Average APR data doesn't tell the whole story. The spread
of non-penalty rates is strikingly wide at individual banks. At
one top 10 issuer, rates ranged from 8.25 percent to 25 percent
on non-penalty rates. The different rates are often referred to
using deceptive terms like ``preferred,'' ``elite,'' or
``premium.'' Is there anything premium about a rate of 18.24
percent?
Residual interest or trailing interest is a deceptive
method of calculating credit card interest right up until the
day full payment is received; 45 percent of surveyed banks
employ the practice. Penalty rates are as high 32.24 percent.
Late payments result in higher penalty rates with 85 percent of
issuers. Often the increase is automatic and standardized, not
tied to any individual performance. Late fees have more than
doubled in the last decade. The average grace period at the top
10 issuers has shrunk by more than 3 days since 1995. Cash
advance fees have jumped 40 percent in the last decade. More
disturbingly, 90 percent of the cards have no cap on the fee.
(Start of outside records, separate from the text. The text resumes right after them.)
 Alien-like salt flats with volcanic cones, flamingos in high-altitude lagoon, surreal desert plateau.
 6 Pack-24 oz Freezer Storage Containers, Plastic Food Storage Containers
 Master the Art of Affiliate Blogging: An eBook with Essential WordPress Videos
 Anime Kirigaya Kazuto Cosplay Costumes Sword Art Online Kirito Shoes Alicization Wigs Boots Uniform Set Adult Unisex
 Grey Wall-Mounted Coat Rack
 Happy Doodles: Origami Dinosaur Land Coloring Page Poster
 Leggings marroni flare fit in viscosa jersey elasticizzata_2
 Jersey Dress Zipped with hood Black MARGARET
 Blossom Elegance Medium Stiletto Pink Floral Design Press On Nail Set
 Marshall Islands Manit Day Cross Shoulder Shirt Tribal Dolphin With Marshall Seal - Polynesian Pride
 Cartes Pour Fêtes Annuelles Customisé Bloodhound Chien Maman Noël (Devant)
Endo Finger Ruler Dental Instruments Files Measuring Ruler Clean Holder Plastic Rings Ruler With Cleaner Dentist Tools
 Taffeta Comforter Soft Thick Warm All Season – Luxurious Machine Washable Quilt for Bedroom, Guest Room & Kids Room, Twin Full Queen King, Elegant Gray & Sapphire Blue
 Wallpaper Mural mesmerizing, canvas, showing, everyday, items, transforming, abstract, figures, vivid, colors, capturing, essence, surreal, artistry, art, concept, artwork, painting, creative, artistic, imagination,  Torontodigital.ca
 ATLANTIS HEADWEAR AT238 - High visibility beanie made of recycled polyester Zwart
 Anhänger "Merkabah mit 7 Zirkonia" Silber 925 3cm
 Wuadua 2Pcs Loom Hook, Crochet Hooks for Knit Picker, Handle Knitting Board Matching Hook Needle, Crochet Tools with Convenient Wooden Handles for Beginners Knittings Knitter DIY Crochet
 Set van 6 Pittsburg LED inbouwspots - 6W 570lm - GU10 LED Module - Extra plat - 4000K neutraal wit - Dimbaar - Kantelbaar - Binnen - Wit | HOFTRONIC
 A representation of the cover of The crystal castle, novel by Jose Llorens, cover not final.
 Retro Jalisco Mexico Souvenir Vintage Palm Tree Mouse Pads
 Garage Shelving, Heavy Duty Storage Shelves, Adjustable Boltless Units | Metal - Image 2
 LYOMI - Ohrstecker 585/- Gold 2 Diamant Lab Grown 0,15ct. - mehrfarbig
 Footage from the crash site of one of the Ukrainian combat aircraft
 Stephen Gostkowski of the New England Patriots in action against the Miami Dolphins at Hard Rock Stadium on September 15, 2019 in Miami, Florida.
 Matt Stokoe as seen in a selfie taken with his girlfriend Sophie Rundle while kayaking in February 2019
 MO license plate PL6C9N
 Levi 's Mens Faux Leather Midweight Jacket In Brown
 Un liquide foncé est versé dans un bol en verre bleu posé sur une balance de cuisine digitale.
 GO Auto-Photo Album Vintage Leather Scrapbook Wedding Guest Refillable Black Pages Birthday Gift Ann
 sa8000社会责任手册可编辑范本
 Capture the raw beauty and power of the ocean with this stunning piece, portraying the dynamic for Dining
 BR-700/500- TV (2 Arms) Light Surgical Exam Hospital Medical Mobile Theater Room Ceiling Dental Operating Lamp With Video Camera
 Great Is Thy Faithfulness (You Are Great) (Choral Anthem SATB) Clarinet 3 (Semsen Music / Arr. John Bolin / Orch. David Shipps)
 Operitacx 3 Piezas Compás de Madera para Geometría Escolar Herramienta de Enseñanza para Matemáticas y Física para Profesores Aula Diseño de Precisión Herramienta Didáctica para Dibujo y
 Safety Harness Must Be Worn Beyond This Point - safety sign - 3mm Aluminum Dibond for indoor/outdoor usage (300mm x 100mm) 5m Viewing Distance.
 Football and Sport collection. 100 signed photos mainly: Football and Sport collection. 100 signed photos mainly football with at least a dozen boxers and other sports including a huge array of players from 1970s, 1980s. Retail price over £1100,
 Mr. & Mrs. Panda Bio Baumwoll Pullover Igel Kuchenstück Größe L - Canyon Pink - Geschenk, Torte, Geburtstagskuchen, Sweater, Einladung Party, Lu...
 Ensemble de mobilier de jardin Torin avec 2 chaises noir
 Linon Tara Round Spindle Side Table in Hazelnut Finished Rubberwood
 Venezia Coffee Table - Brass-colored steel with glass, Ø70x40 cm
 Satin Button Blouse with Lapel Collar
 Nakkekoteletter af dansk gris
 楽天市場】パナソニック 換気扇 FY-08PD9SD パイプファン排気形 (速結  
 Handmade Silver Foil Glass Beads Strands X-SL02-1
Before closing, I would like to bring to your attention
just how important credit card reform is to your constituents.
In less than a year, 12,327 individual constituents have used
Consumer Action's Web site to write to you for protection
against abusive credit card practices. This is a follow-the-
leader industry. When one issuer steps out with a new anti-
consumer practice, other banks are quick to follow. When
attention is focused on one bad practice, such as universal
default, issuers jump to say they don't do it. The problem is
that lesser known unfair practices continue, such as residual
interest allocation of payments to low-interest balances, junk
fees on foreign transactions, and Sunday and holiday due dates
that trigger unjustified late fees.
I thank you for your diligence in investigating credit card
industry practices. Credit cards are an integral part of our
lives. We protect people from unsafe products, shouldn't we
also give cardholders an even playing field?
[The prepared statement of Ms. Sherry can be found on page
44 of the appendix.]
Chairwoman Maloney. Thank you very much for your testimony.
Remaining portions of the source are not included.